**What is being asked**
Your answer must be only the lines below from the one containing "With this we" through the one containing "Hello, this is", copied exactly, with the pictures left out.

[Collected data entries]
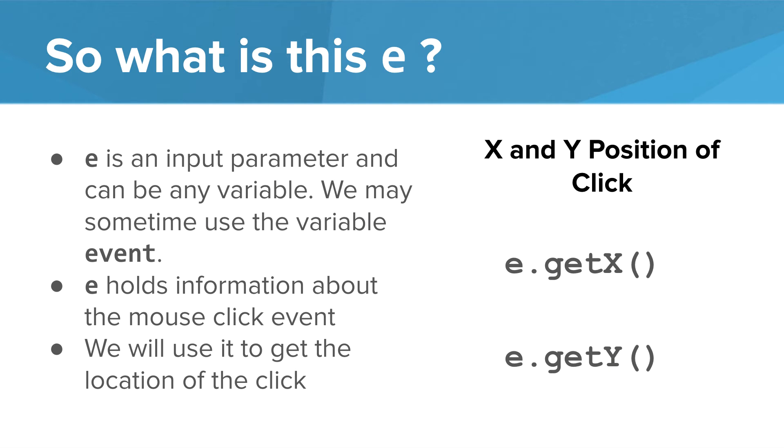So what is this e? It is an input parameter and like any other input parameter we can use any variable name. The two most common names that we use are e and event. This parameter holds information about the event. The information we're going to get is the x and y location of the mouse clicks.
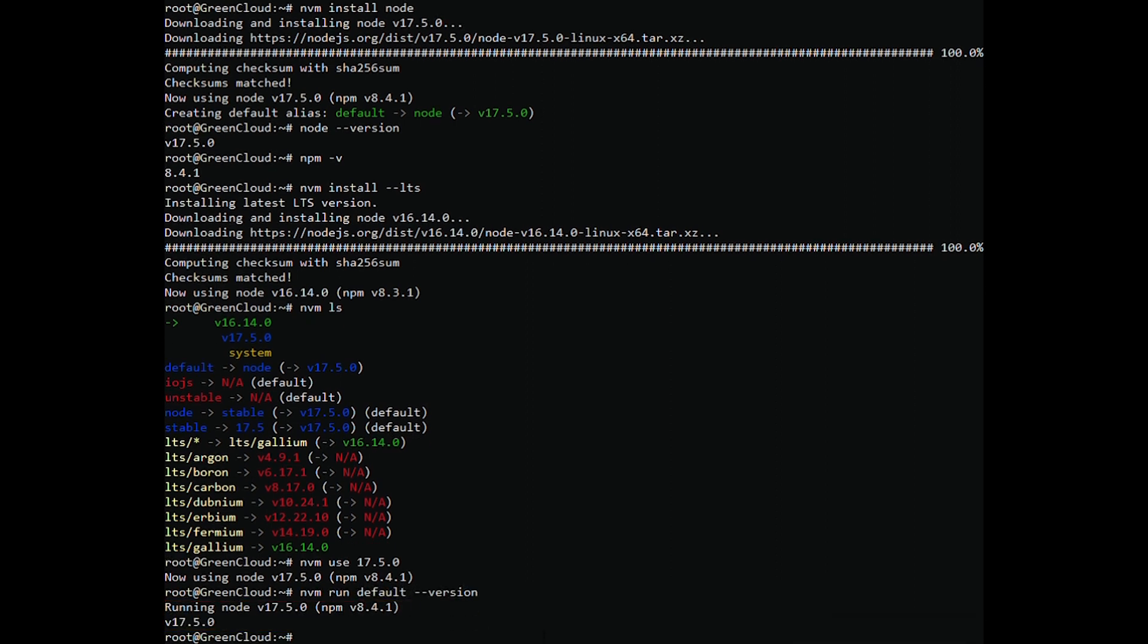This tutorial helped you to install Node.js and NPM on Debian 11. Additionally provided you the basic instructions to use the NVM utility.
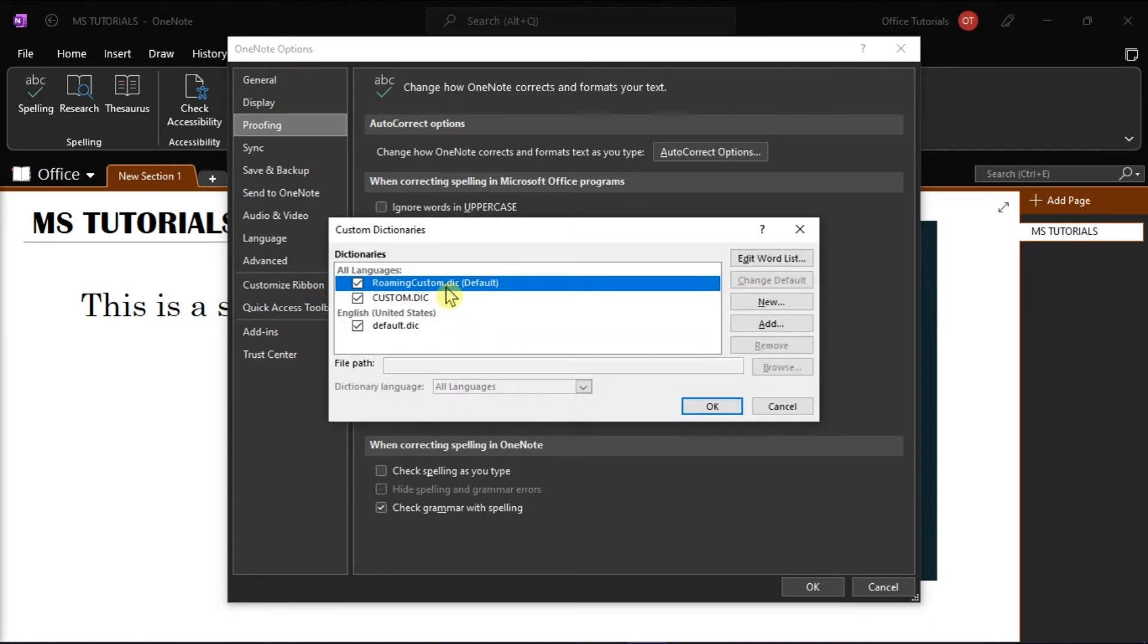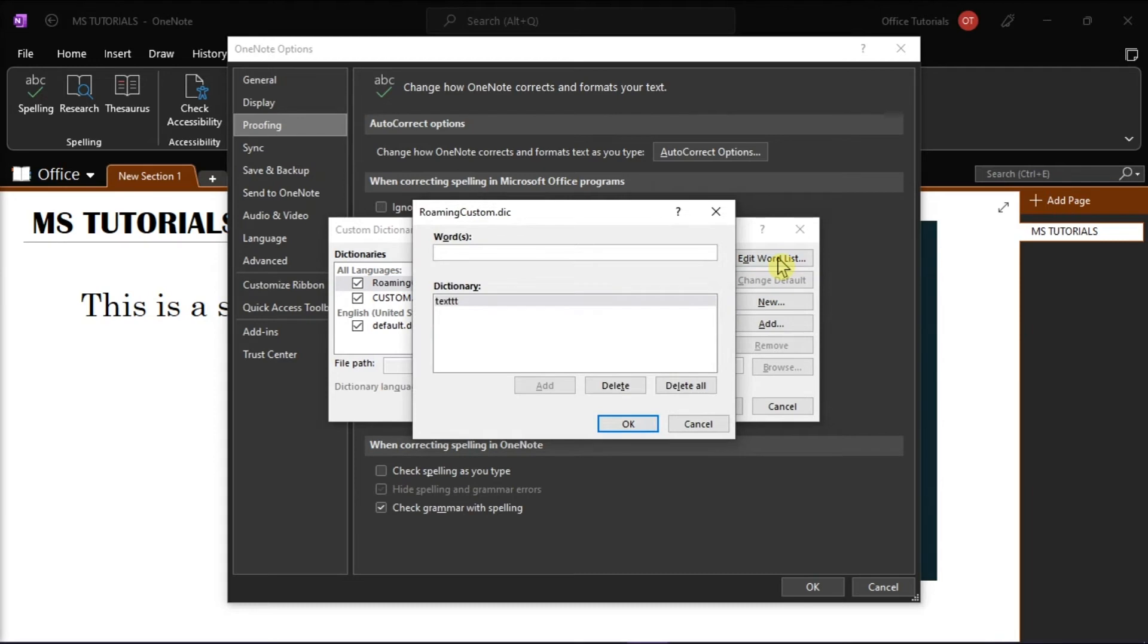In the window that appears, select RoamingCustom.dic and then click Edit Word List. In here, you will see all the words that you have added to your custom dictionary and you can now delete the incorrect word you have added by selecting Delete.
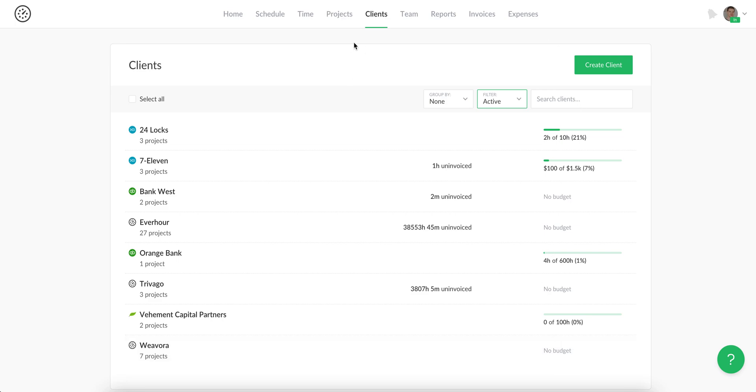Let's get acquainted with the clients page. Clients in EverHour are used to easily bring multiple projects under one roof and issue invoices with billable time and expenses.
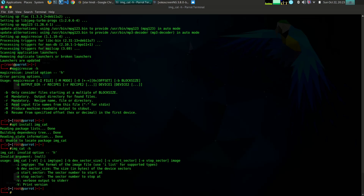These are just six of the many forensic tools that are available. Each of these tools has its own strengths and weaknesses, so it's important to choose the right tool for the job. Once you've become more comfortable with forensic tools, you can explore other options such as Hash Deep, Magic Rescue, and Scrounge NTFS, which offer more advanced features and can be used to recover data from more complex sources.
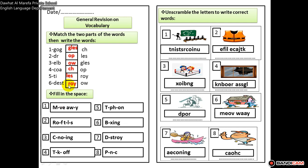Now you are going to fill in the space with the missing letters. Number one is 'move away' and the next one is 'tie phone' — I only helped you with these two. The next question is to unscramble the letters to write correct words. We have this picture of instructions and the next picture of life jacket. You complete the rest.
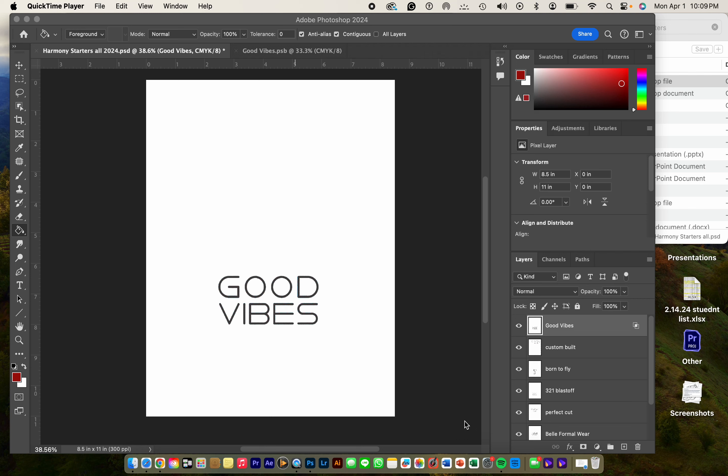Hey everyone, Mrs. Peterson here, and I'm going to show you how to change the color of the words on whichever harmony starter you choose.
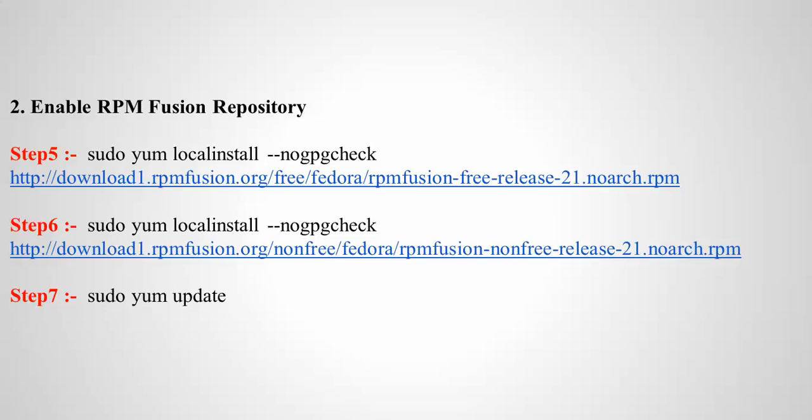Next is to enable RPM Fusion Repository - steps 5, 6, and 7. Step 5 is to update your local installed repository with no GPG check. That's going to be the free release. Step 6 is checking for the useful non-free release for versions 21 and 22.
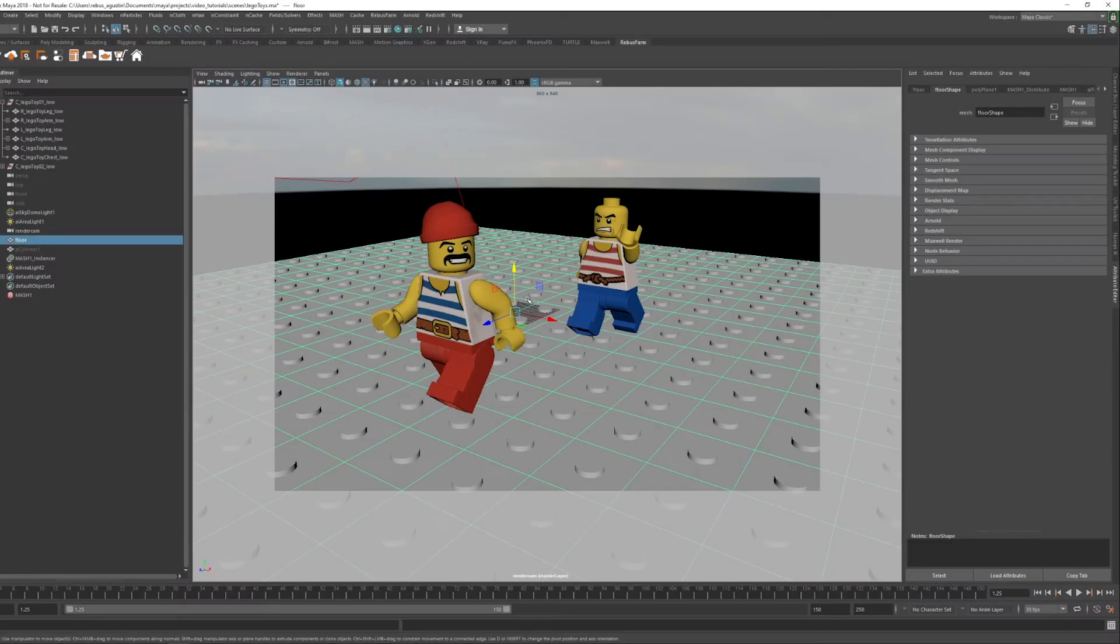Welcome. In this video, we are going to show you how Arnold Render and Maya work with RebusFarm.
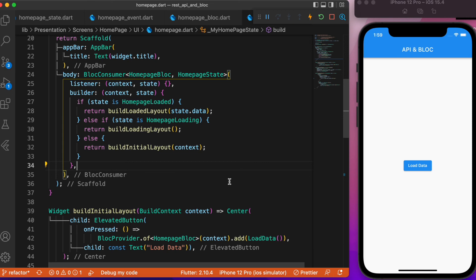With this we complete the wiring of the BLoC pattern with the HTTP GET request API calls. Hope you guys enjoyed this video — if you did, consider subscribing and I will see you in the next one. Bye!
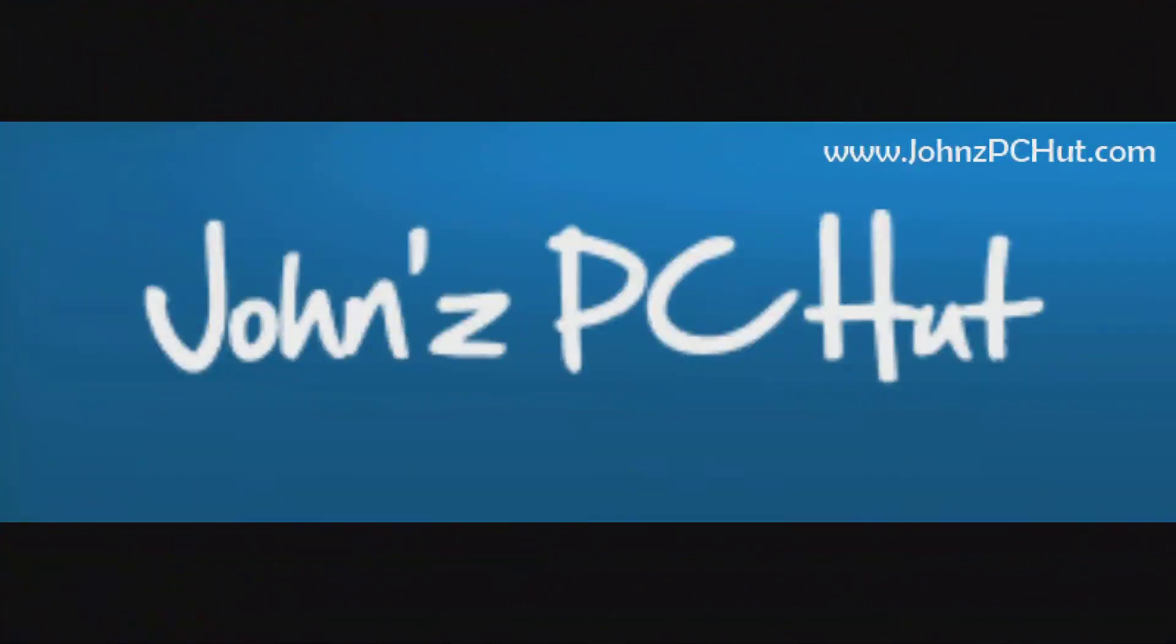For more information about Linux and Linux distributions, visit our website at www.JohnzPCHut.com—that's John's PC Hut. Thank you for your time. I hope you enjoyed this video and have a great day.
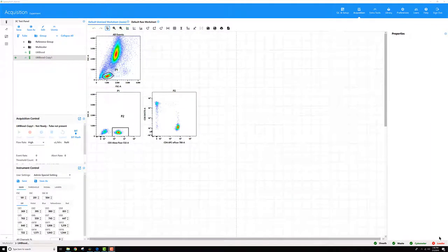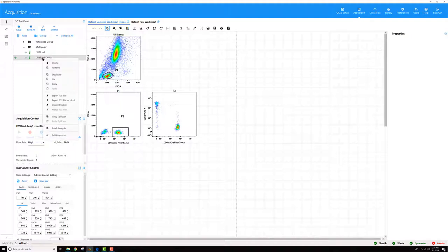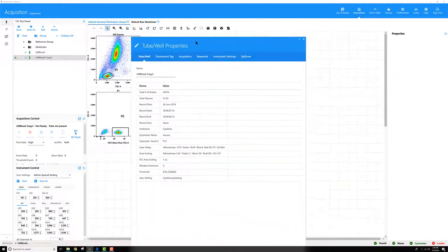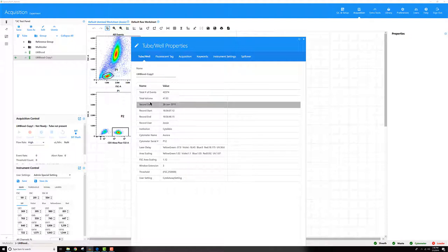To see the values that are recorded for each tube, simply open your experiment and right click on the tube or well that you want to look at, go to Edit Properties. You can see here on this first tab, tube slash well, there's a total volume parameter.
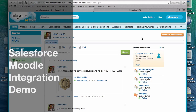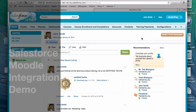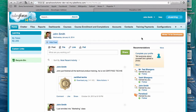Hello, this is Sakip from Paradiso Solutions and today I'll be demoing one of the products that we have that allows you to integrate between your Salesforce and your LMS.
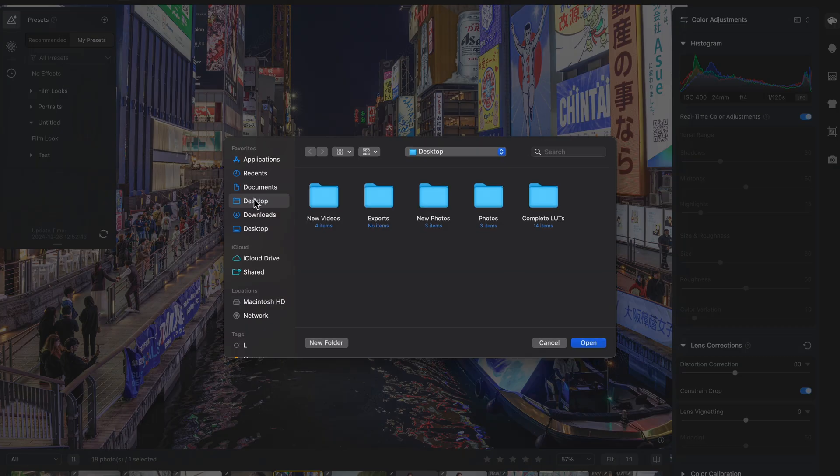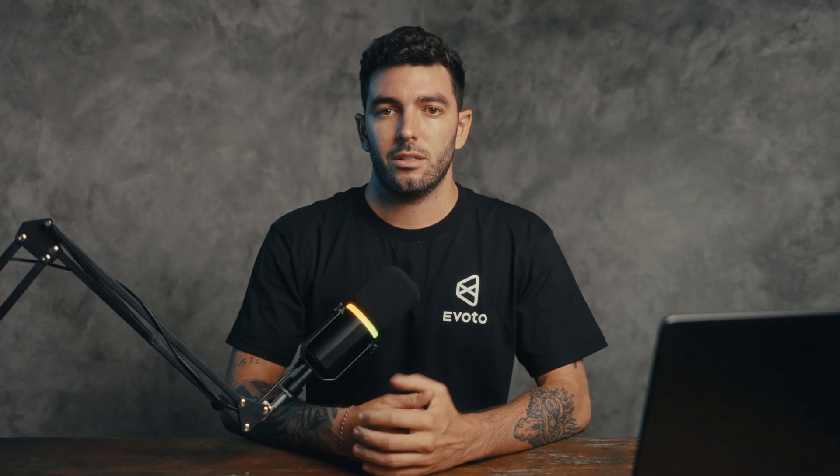Cube files are also used for video color grading. I personally mostly work with cube files, as I have my personal LUTs created that way. Thankfully, with Evoto you can import these and use them as normal presets, which is great.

**Your response**
With this we complete the wiring of the BLoC pattern with the HTTP GET request API calls. Hope you guys enjoyed this video — if you did, consider subscribing and I will see you in the next one. Bye!
For more information about Linux and Linux distributions, visit our website at www.JohnzPCHut.com—that's John's PC Hut. Thank you for your time. I hope you enjoyed this video and have a great day.
To see the values that are recorded for each tube, simply open your experiment and right click on the tube or well that you want to look at, go to Edit Properties. You can see here on this first tab, tube slash well, there's a total volume parameter.
Hello, this is Sakip from Paradiso Solutions and today I'll be demoing one of the products that we have that allows you to integrate between your Salesforce and your LMS.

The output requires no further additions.